Task goal: Without copying the images, write out all the entries below verbatim.
BEGIN
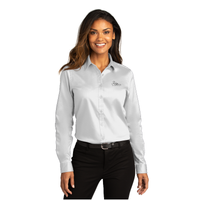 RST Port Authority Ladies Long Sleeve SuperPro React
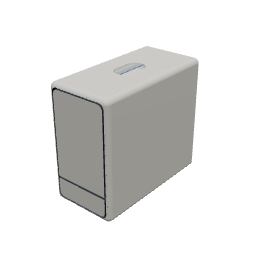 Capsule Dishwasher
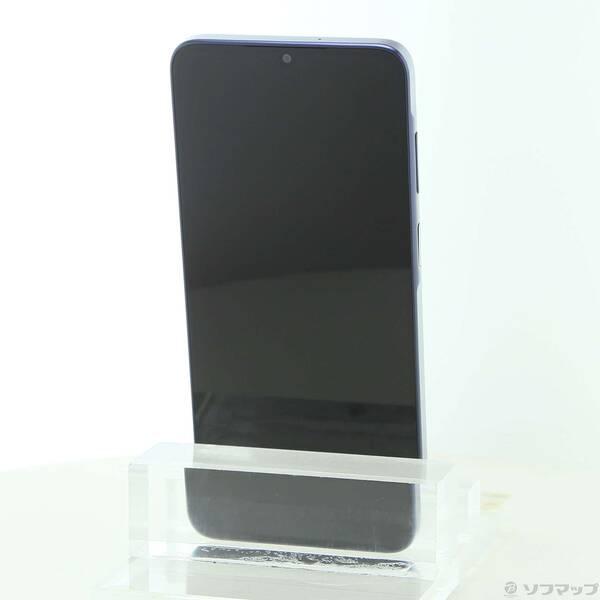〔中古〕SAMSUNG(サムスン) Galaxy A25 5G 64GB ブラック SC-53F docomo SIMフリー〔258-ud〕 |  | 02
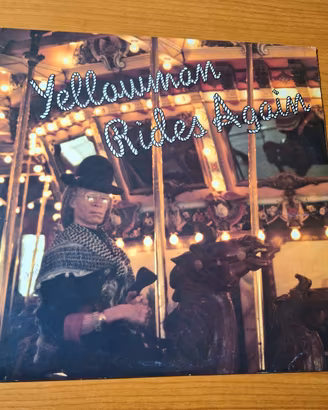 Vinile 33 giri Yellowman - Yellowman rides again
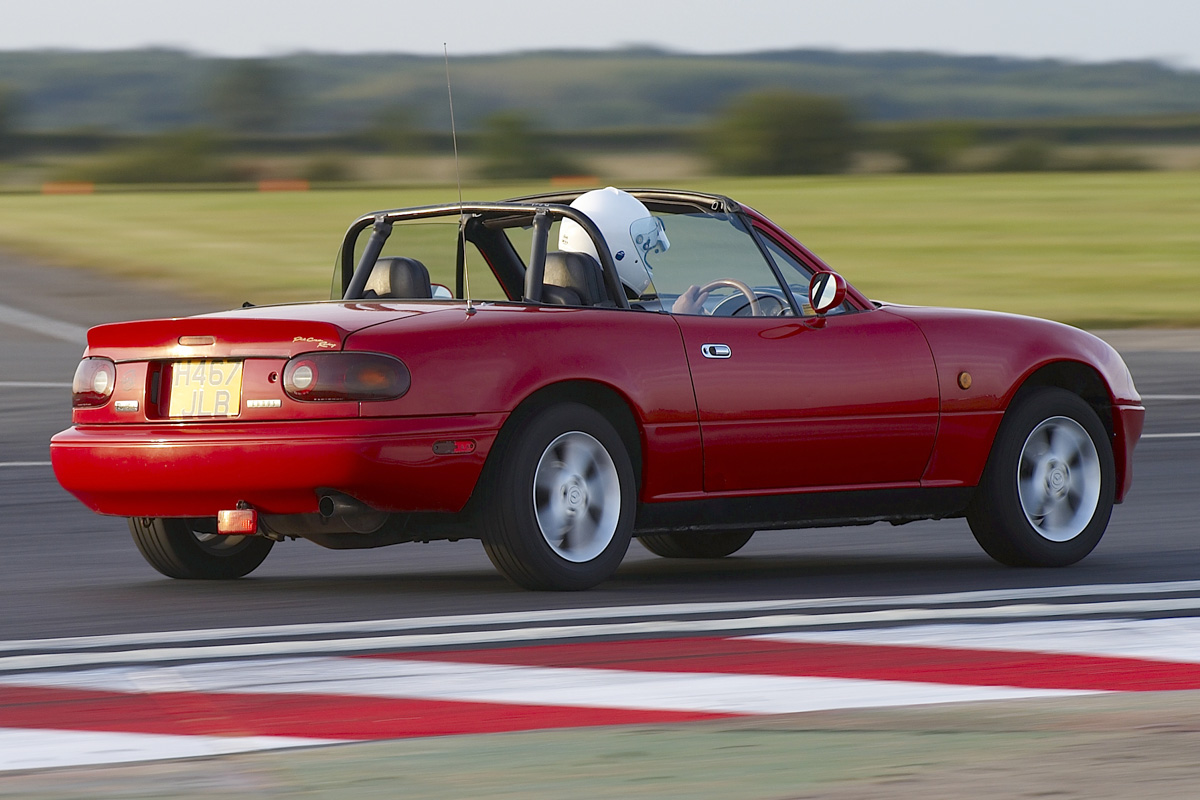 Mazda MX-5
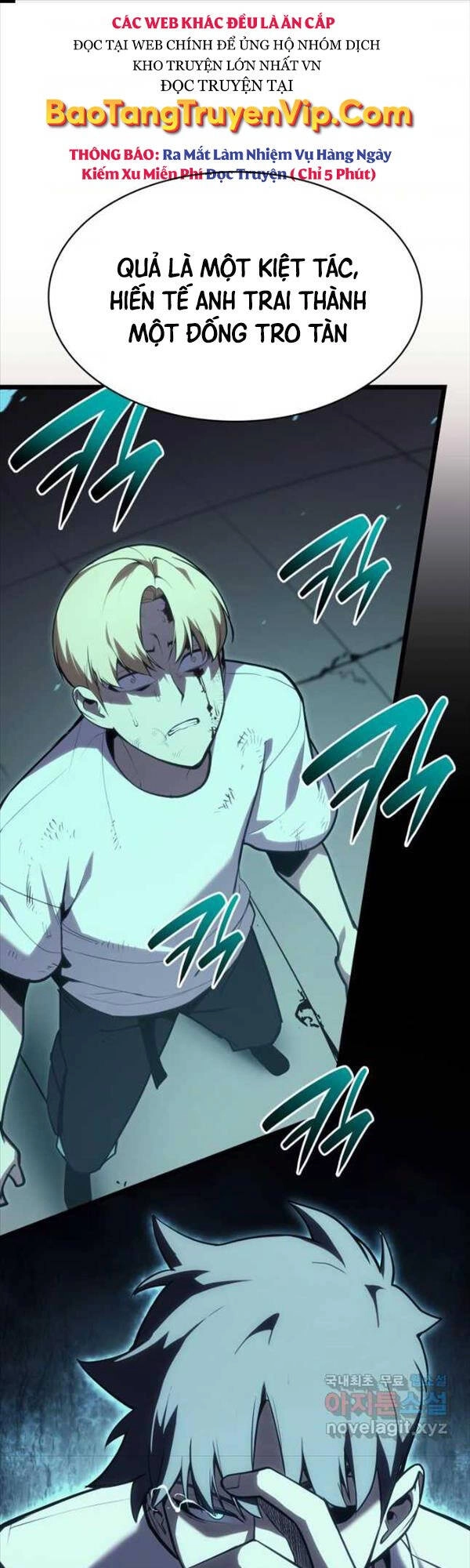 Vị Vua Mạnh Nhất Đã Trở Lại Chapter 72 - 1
END
Output of the task:
 RST Port Authority Ladies Long Sleeve SuperPro React
 Capsule Dishwasher
〔中古〕SAMSUNG(サムスン) Galaxy A25 5G 64GB ブラック SC-53F docomo SIMフリー〔258-ud〕 |  | 02
 Vinile 33 giri Yellowman - Yellowman rides again
 Mazda MX-5
 Vị Vua Mạnh Nhất Đã Trở Lại Chapter 72 - 1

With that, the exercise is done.